At least a dozen cars are stolen every day, many by armed men at stoplights in the city's most fashionable district.
More than 20 robberies or assaults are reported daily, double the number a year ago. The real total surely is much higher because few people trust police enough to file complaints. Bus holdups and attacks on tourists have soared.
The crime wave reflects economic hardship--87% of Guatemalans live in poverty--and an understandable lack of confidence in the ineffective judicial system.
"Justice does not exist here and no one trusts anyone trying to impose it," said Marta Altolaguirre, a lawyer and newspaper columnist. "The people who work in the courts are not well prepared and the magistrates are highly politicized."
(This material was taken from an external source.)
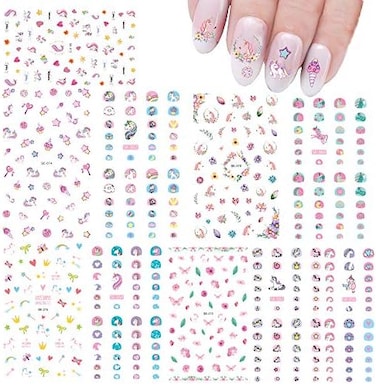 ملصقات أظافر للأطفال، ملصقات أظافر، إكسسوارات، يونيكورن، نقل مائي، فراشات، نجوم، قلوب، طلاء أظافر للفتيات الصغيرات، ديكور أظافر، أكثر من 500 نمط، تصميمات أنيقة وجذابة، أوراق كبيرة متعددة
Crime also endangers tourism, which brings Guatemala at least $200 million a year, and is a major test for Carlos Samayoa Cifuentes, the first civilian in decades to head the National Police.
Samayoa said in an interview that buses are particularly vulnerable and he is putting policemen on some that operate in the city, "but it's like a drop in the ocean."
Highways to Honduras are among the most perilous. Newspapers have reported daylight assaults on both buses and private vehicles, some by men in military uniforms.
The Honduran ambassador made a formal complaint in November, after the shooting death of a young Honduran woman who was traveling to Guatemala City for an evangelical meeting.
Passengers on a rural bus gave a severe beating to a man with a pistol and a hand grenade who wounded their driver. The local police chief berated the passengers for "taking justice into their own hands."
Two gunmen attacked a family of Dutch tourists outside the colonial town of Antigua in November, killing a 61-year-old woman. Her death was the third on the same road in less than a month.
A State Department travel advisory for Guatemala warns Americans about violent crime, bus robberies and roadblocks set up by bandits or guerrillas. The German government issued a similar advisory.
Some policemen have been accused of extorting money, and one was arrested as part of a gang charged with robbing a city bus.
Samayoa said the tendency of Guatemalans to blame the police for crime "is understandable, but not justified, because for years the police department has been ignored and used for political purposes."
Officers are paid only a few hundred dollars a month. A policeman wounded or injured on duty receives just one-third of the normal pay.
"It's illogical and incredible," Samayoa said. "It's not much of an incentive to put your life on the line. We have openings, but aren't filling them because we don't want people who aren't trained in police work."
He plans to raise pay by 1993 and provide better training, with foreign help, but that may not be easy.
Early last year, the German government ended a training project conducted in Germany, citing human rights violations in Guatemala. A U.S.-financed program to improve the court system ended in 1990 and, for the same reason, was not renewed.
"The citizens have been indifferent, even negligent, at times by not reporting suspicious activities," Samayoa said. "They don't even want to obey traffic signals.
"We are talking about a citizenry who demand that the law be enforced, but who are far from wanting to comply with it themselves. People see police officers as low-class, as subhuman."